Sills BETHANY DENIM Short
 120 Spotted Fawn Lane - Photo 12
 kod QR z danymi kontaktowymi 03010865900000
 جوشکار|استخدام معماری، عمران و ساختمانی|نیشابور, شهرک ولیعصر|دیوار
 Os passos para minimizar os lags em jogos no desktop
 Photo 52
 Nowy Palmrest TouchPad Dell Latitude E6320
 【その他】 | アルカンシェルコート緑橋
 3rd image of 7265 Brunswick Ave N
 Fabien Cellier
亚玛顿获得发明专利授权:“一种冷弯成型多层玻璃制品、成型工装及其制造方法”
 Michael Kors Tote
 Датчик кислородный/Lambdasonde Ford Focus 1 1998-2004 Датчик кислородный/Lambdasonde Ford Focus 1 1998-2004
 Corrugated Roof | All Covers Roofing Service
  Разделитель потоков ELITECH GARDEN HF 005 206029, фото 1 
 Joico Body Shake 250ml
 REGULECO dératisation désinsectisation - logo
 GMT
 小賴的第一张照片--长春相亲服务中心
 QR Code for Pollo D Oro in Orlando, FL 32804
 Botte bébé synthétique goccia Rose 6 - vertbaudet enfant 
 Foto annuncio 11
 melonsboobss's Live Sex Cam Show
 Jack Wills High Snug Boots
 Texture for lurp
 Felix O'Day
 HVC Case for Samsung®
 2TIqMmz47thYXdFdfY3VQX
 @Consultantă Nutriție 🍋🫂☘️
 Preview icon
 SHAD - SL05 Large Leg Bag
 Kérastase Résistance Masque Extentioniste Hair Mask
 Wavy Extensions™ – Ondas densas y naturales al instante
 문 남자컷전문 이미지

### [Assignment]
Would you please copy every line of the data exactly?

### [Solution to this exercise]
Sills BETHANY DENIM Short
 120 Spotted Fawn Lane - Photo 12
 kod QR z danymi kontaktowymi 03010865900000
 جوشکار|استخدام معماری، عمران و ساختمانی|نیشابور, شهرک ولیعصر|دیوار
 Os passos para minimizar os lags em jogos no desktop
 Photo 52
 Nowy Palmrest TouchPad Dell Latitude E6320
 【その他】 | アルカンシェルコート緑橋
 3rd image of 7265 Brunswick Ave N
 Fabien Cellier
亚玛顿获得发明专利授权:“一种冷弯成型多层玻璃制品、成型工装及其制造方法”
 Michael Kors Tote
 Датчик кислородный/Lambdasonde Ford Focus 1 1998-2004 Датчик кислородный/Lambdasonde Ford Focus 1 1998-2004
 Corrugated Roof | All Covers Roofing Service
  Разделитель потоков ELITECH GARDEN HF 005 206029, фото 1 
 Joico Body Shake 250ml
 REGULECO dératisation désinsectisation - logo
 GMT
 小賴的第一张照片--长春相亲服务中心
 QR Code for Pollo D Oro in Orlando, FL 32804
 Botte bébé synthétique goccia Rose 6 - vertbaudet enfant 
 Foto annuncio 11
 melonsboobss's Live Sex Cam Show
 Jack Wills High Snug Boots
 Texture for lurp
 Felix O'Day
 HVC Case for Samsung®
 2TIqMmz47thYXdFdfY3VQX
 @Consultantă Nutriție 🍋🫂☘️
 Preview icon
 SHAD - SL05 Large Leg Bag
 Kérastase Résistance Masque Extentioniste Hair Mask
 Wavy Extensions™ – Ondas densas y naturales al instante
 문 남자컷전문 이미지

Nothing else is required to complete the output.